### Exercise
Please print the listing that follows word for word, but skip any pictures it holds.

### Data below
********************

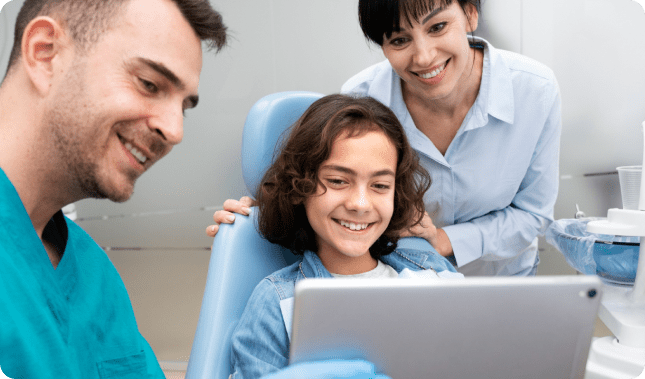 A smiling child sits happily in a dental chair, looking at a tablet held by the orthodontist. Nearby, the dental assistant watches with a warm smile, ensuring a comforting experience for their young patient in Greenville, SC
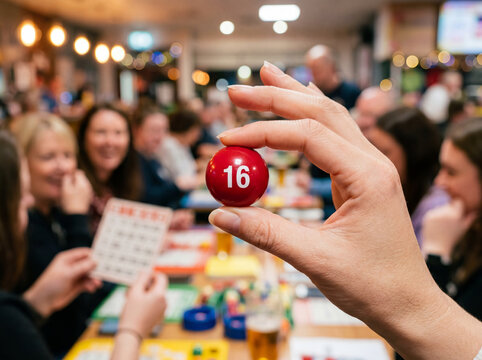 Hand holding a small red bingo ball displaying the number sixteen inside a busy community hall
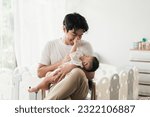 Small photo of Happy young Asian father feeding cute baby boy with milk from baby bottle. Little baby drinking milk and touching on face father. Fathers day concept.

********************

### Answer section
 A smiling child sits happily in a dental chair, looking at a tablet held by the orthodontist. Nearby, the dental assistant watches with a warm smile, ensuring a comforting experience for their young patient in Greenville, SC
 Hand holding a small red bingo ball displaying the number sixteen inside a busy community hall
 Small photo of Happy young Asian father feeding cute baby boy with milk from baby bottle. Little baby drinking milk and touching on face father. Fathers day concept.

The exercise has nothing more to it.